WHAT NEEDS TO BE DONE -
Every line below needs to be transcribed without alteration, and no image may be carried over.

═══ SOURCE DATA

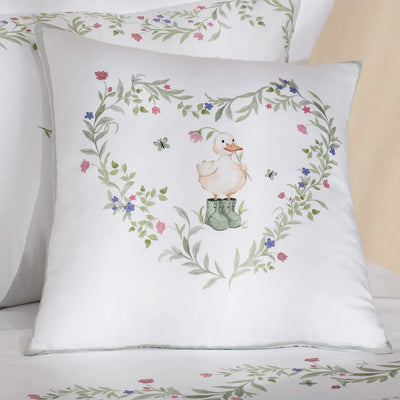 Almofada Giardini 300 Fios Cetim 100% Algodão Egípcio 45x45cm Trussardi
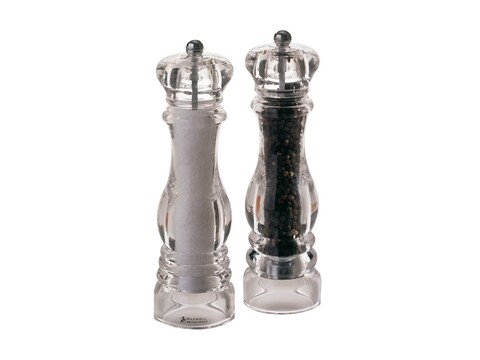 Set 2 rasnite manuale pentru sare/piper, maxwell   williams, 20 cm, acril, transparent
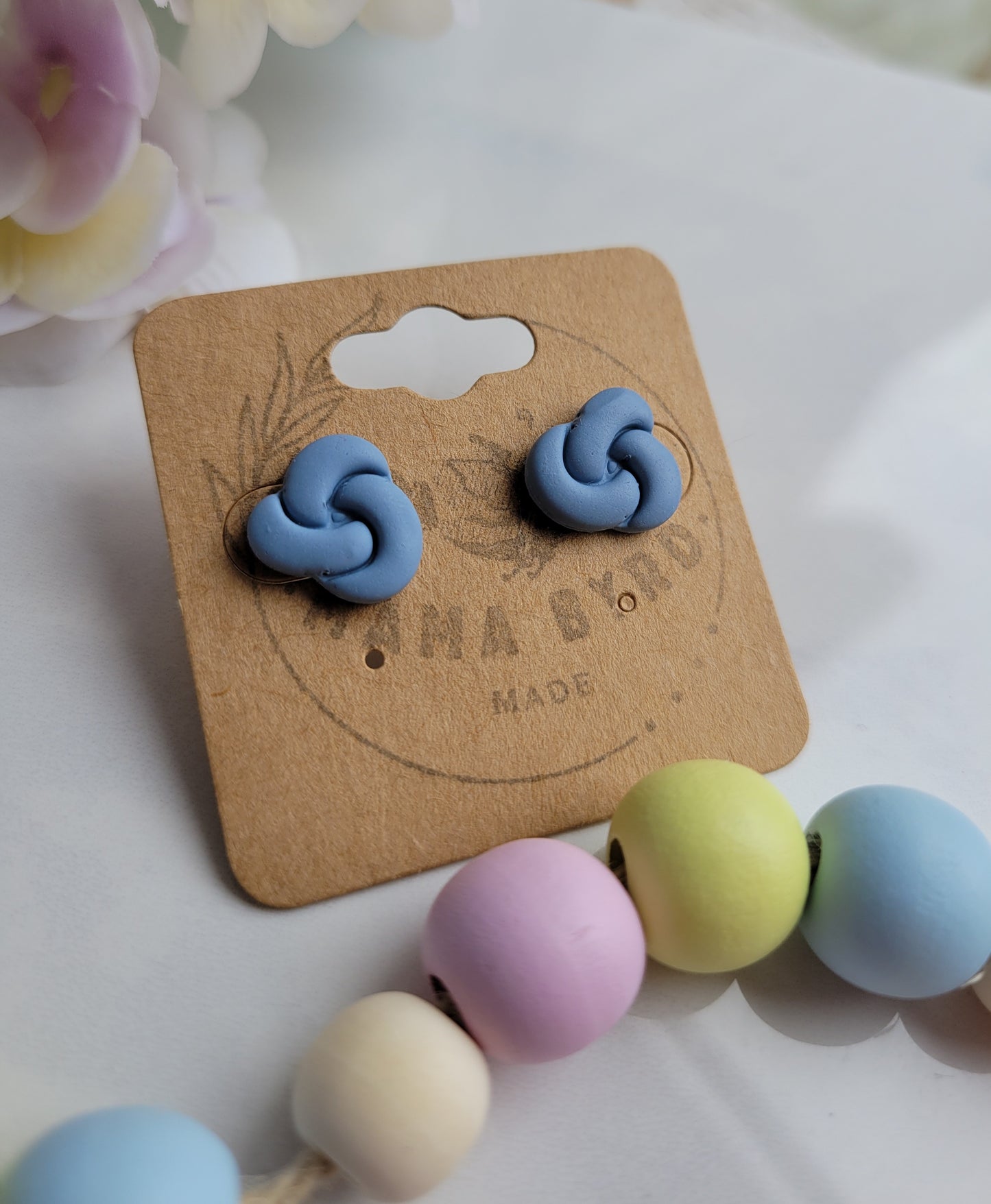 Blue Knot Studs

══════

RESPONSE AREA -
 Almofada Giardini 300 Fios Cetim 100% Algodão Egípcio 45x45cm Trussardi
 Set 2 rasnite manuale pentru sare/piper, maxwell   williams, 20 cm, acril, transparent
 Blue Knot Studs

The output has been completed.